= Temporal interference brain stimulation =

Non-invasive form of deep brain stimulation

Temporal interference brain stimulation (TI) is a non-invasive form of deep brain stimulation (DBS). External electrodes apply high-frequency alternating currents of slightly different frequencies to the brain, and the superposition of the two waves produces a low-frequency envelope. As neurones are responsive to low-frequency electrical signals but not high-frequency signals. TI can use this envelope to focally stimulate deep brain tissues without impacting the overlying and surrounding ones. Since the stimulation strength depends not only on the absolute amplitude but also on the relative amplitude and orientation of the applied fields, this enables precise three-dimensional targeting of deep brain regions.

== Technical details ==

TIS modelled on a bust of the human head – an electric current oscillating at 2010Hz is delivered to the right side of the head and another oscillating at 2000Hz is delivered to the left side. The stimulation target is the right visual cortex, where there is maximal temporal interference between both oscillations; the interfering waveform is visualised on the monitor.
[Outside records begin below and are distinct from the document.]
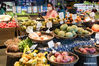 Citizens buy foods at a supermarket in Yangzhou City, east China's Jiangsu Province, Aug. 4, 2021. Yangzhou now has one high-risk area and 75 medium-risk areas for COVID-19, and the city authorities have strengthened the prevention and control measures to halt the spread of the coronavirus. (Xinhua/Li Bo)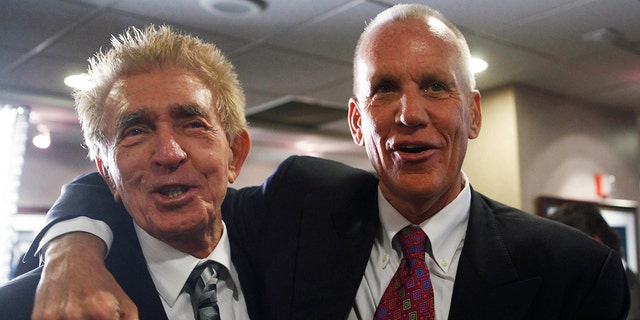 Former Philadelphia 76ers coach Gene Shue, left, and his former player and 76ers coach Doug Collins are seen at a news conference in Philadelphia, Monday, May 24, 2010.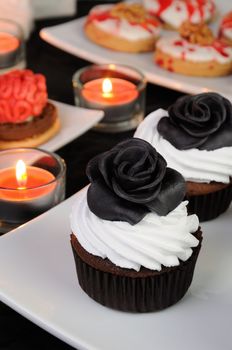 Chocolate muffin with cream decorated with black protein rose from marzipan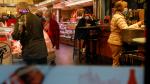 People shop as others sit at a bar as the coronavirus disease (COVID-19) outbreak continues in Madrid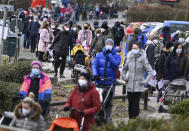 Families queue up in front of the entrance to the Opel Zoo before its reopening in Kronberg, Germany, Monday, March 8, 2021. The extensive measures to protect against infection with the corona virus have been relaxed somewhat in Hesse. On the first opening day after the lockdown, the rush was great. Visitors were able to buy their tickets for the zoo visit via an online ticket system. (Arne Dedert/dpa via AP)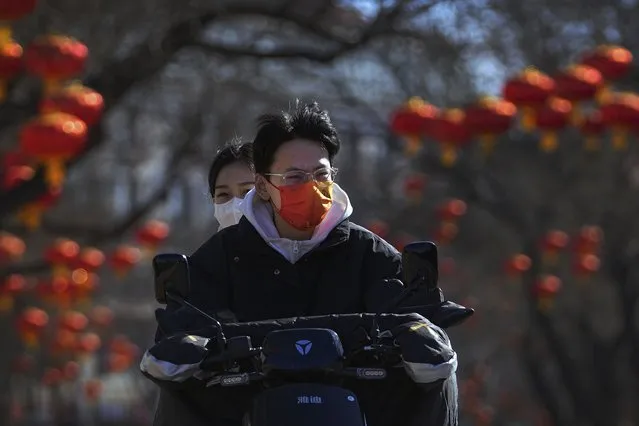 Residents wearing face masks to help protect from the coronavirus ride an electric scooter along a street decorated with red lanterns in Beijing, Tuesday, February 8, 2022. (Photo by Andy Wong/AP Photo)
TI stimulation is delivered by using two current sources, which both operate at high frequency with a defined difference in frequency between them. This frequency difference creates an envelope which modulates the target region. Frequencies of operation are typically in the kHz range. The currents are delivered to the scalp using carbon-rubber or silver-silver chloride electrodes. Due to the high frequency and low amplitude of the currents (1–2 mA), there is typically little sensation on the skin compared to other methods, like tACS as the strongest sensations for stimulation frequencies lie in the low frequency range (<4Hz). Traditional transcranial electrical stimulation methods are also limited to targeting of cortical regions only – TI stimulation does not have this limitation and can target deep brain regions as well as cortical regions.
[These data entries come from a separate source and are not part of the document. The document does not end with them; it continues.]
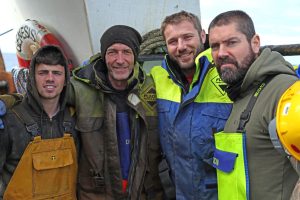 Genesis crewman Phil Watt and mate/relief skipper Jamie Gordon with Ben Cohen and Shane Lynch.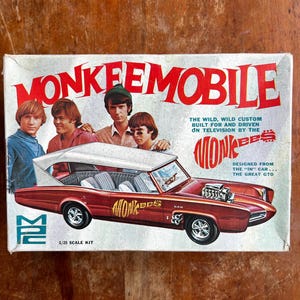 Puede incluir: Caja de modelo de coche Monkeemobile vintage. La caja presenta una ilustración de un coche granate con el texto "MONKEEMOBILE" en letras rojas grandes. La caja también incluye imágenes de los miembros de la banda Monkees y el texto "1/25 SCALE KIT".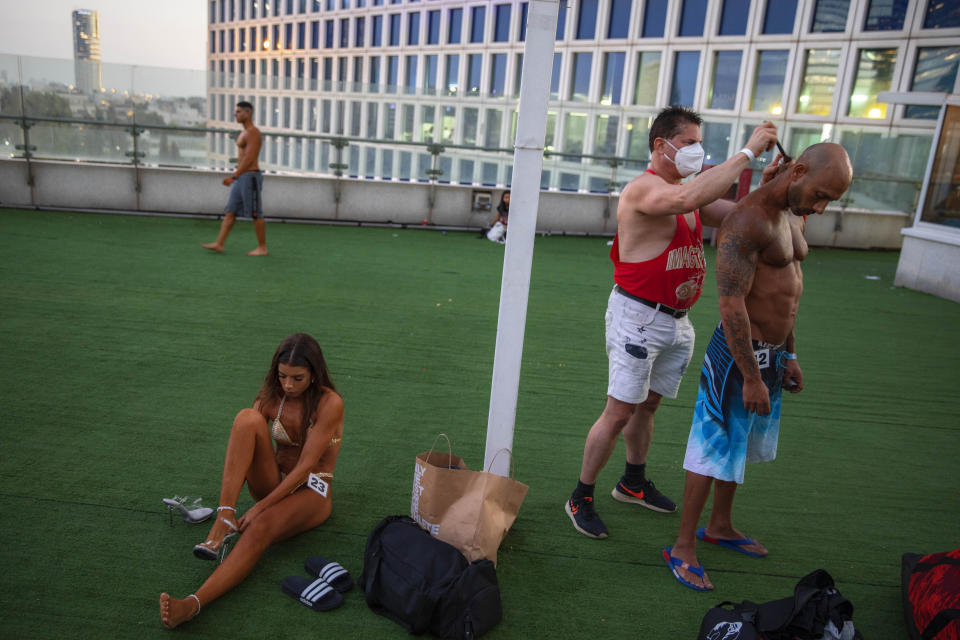 Contestant have his body painted backstage during the National Amateur Body Builders Association competition in Tel Aviv, Israel, Wednesday, Aug. 19, 2020. Because of the coronavirus pandemic, this year's competition was staged outdoors in Tel Aviv. The 85 participants were required to don protective masks in line with health codes. (AP Photo/Oded Balilty)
The stimulation strength depends not only on the absolute amplitude but also on the relative amplitude and orientation of the applied fields, which enables precise three-dimensional targeting of deep brain regions.

== Potential applications ==
DBS via implanted electrodes is already used worldwide to treat patients with severe neurological and psychiatric disorders such as Parkinson's disease and Obsessive–compulsive disorder (OCD), and has been investigated as a treatment option for Alzheimer's disease and depression, but its invasiveness makes widespread clinical use and deployment in research impractical. TI has been posited as an alternative treatment to invasive implants for epilepsy patients who are ineligible for resective surgery, or for whom such surgery was unsuccessful.

== Safety ==
Compared to other non-invasive stimulation methods, experiments suggest that adverse effects are generally rare, with just a few incidences of mild common stimulation side effects such as tingling or fatigue. Below certain frequency thresholds, exposure conditions appear to be equivalent to those known to be safe in other stimulation methods.

== History ==
In 2017, Grossman et al. proposed temporal interference stimulation as a non-invasive method for deep brain stimulation, validating TI as a stimulation method in rodents. The concept of TI stimulation was later independently validated by other labs in in-vitro studies, in-vivo rodent and non-human primate studies, and in humans. In 2018, temporal interference brain stimulation received the Science and PINS Prize for Neuromodulation. TI has also garnered coverage in international press as a potential treatment for several brain disorders.

== Limitations ==
TI has a high propensity for shallow brain stimulation as a side effect, and isolated neurons do not respond individually to TI stimulation, but instead respond as part of a network.